Merlin Metalworks

S-Bends, V-Bends, Newsboy bends--welcome to Rob Vandermark's world, where the best way from here to there is sometimes on the edge of an arc.

What does the decal "Designed by Rob Vandermark" mean?
I guess it's all the geometry choices and tubing choices for all the sizes, the welded parts and what their shapes will be, what the bike is going to be used for and how it will ride--pretty much everything except the road bike geometry and ride quality, which are done by Tom Kellogg because he has more experience there.

Another part of it is incorporating titanium into a bike. The design for titanium shouldn't be the same as steel, say, if you want to take advantage of the titanium.

How is titanium different?
Its modulus is lower than steel, but its fatigue endurance is higher. So it is more flexible, but it also tolerates being flexed better. If you used the same size titanium chainstay as a steel chainstay, for instance, the ti stay would be twice as flexible and that would be a nasty bike to ride. But since titanium's fatigue endurance is roughly double that of steel, you can let it flex more in the seatstays for a better ride, and then beef up the bottom bracket and chainstays to keep them rigid.

So how do you design your frames?
Overall, the main thing is having them torsionally stiff but vertically compliant. Keep the powertrain efficient without losing that "titanium" ride. A lot of the balance that you strike there is in the tubing geometry--using different thicknesses and diameters--and some of it is in the frame geometry.

Merlin uses almost 50 different tube sizes in its frames. Why so many?
Mostly to keep the performance consistent for all the different frames. You design one size--for road frames, I start with a 58, for mountain, a 17.5, because that's what fits me--and then you try to make all the other sizes ride the same way.

With a road bike you want resiliency, so I try to keep the ride compliance equal in all sizes. With a mountain bike, I try to get the weight out without affecting the torsional stiffness.

For example, on a mountain bike, you could use the tubeset from a 21.5 throughout the whole range and they would all ride fine, assuming they were always used with suspension forks, but the 13.5 would be pretty heavy for its size. Whereas with a road bike, if you used one tubeset for the whole range, one of them would ride all right but the rest wouldn't be as good, which has to do more with resiliency than with weight.

Does Merlin's MTS325 tubing have a different ride than standard 3-2.5 tubing?
No; the ride differences come from those 47 custom sizes. The MTS325 specs define the tighter tolerances for purity, straightness and surface finish. The straightness spec is self-explanatory--it helps us build straighter frames, with minimal cold-setting. The finish spec is more complicated, but basically it gives our tubing much better fatigue endurance.

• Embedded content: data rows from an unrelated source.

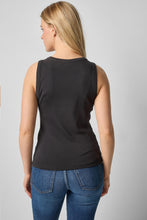 Load image into Gallery viewer, Lilla P - Jewel Tank - Black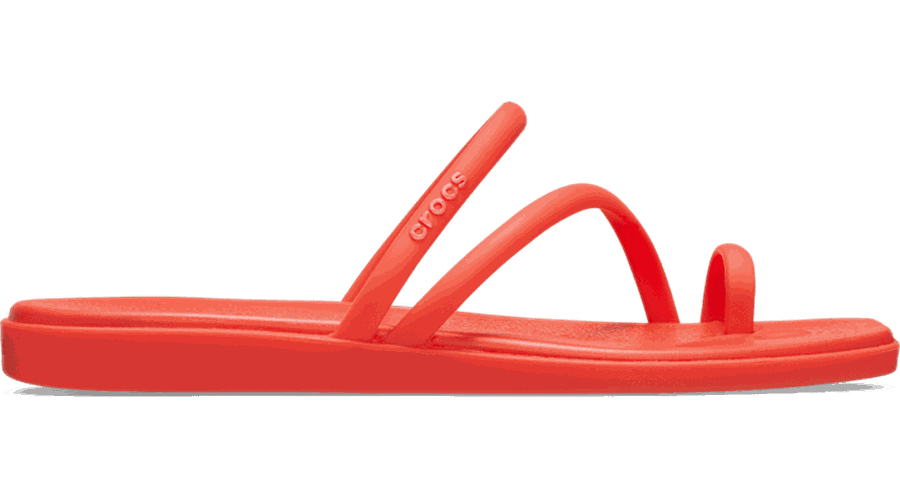 Miami Toe Loop Sandales s Starfish 34 - Crocs - Modalova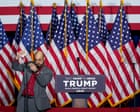 White House teleprompter operator put on leave over alleged bets on Trump speeches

Let's go back to design. Do you design the bikes as racing bikes first?
Yes, Tom and I definitely lean toward racing, in part because a good racing bike, as long as it is durable, can be used for anything, even touring. That's not to say that some racing designs might not be too extreme for other use, but we pull back from that. Our steering is predictable, for example. You don't want to be super tense and on top of the bike all the time when you race. And that geometry works for other things.

How do you determine sizing?
For mountain bikes, the top tube is figured first, and then I work on seat tube length. I prefer to have the seat tube as short as possible in order to get as much standover clearance as possible, but if you go too short, then you can't get your arm through the frame to shoulder the bike, which again is a racing thing that I think is important.

For the road bikes, Tom uses formulas he's developed over the last 20-odd years. They're based on traditional European racing geometry, but adapted for the gains in size and weight we've seen in recent generations.

Are titanium bikes harder to build?
Definitely. A lot of it simply because of the time it takes to weld, and the care you have to take. Machining, finishing, all of that is harder. And the engineering; for most of what we do, there's no one book with all the answers.

You're always looking at new materials. Are you going to be building something else in five years?
I don't think so. Even among titanium alloys, none can do everything 3-2.5 can do. That could change if we succeed in making seamless 6-4. Right now, all the 6-4 tubing that is around is seamed tubing, and that's no good for bike frames. But we are optimistic that the problems can be solved. Still, 3-2.5 and 6-4, as tubing, aren't that much different, so even if we do make seamless 6-4, we will have to scrutinize the benefits before we commit to the cost. Other materials, such as the various fibers or metal matrix composites, have good properties for some bike applications, but not for frames.

Last question: Is that really your signature on the chainstay?
It is, one of about 100 attempts. Actually the Rob is from one try, and the Vandermark is another. My real signature is illegible.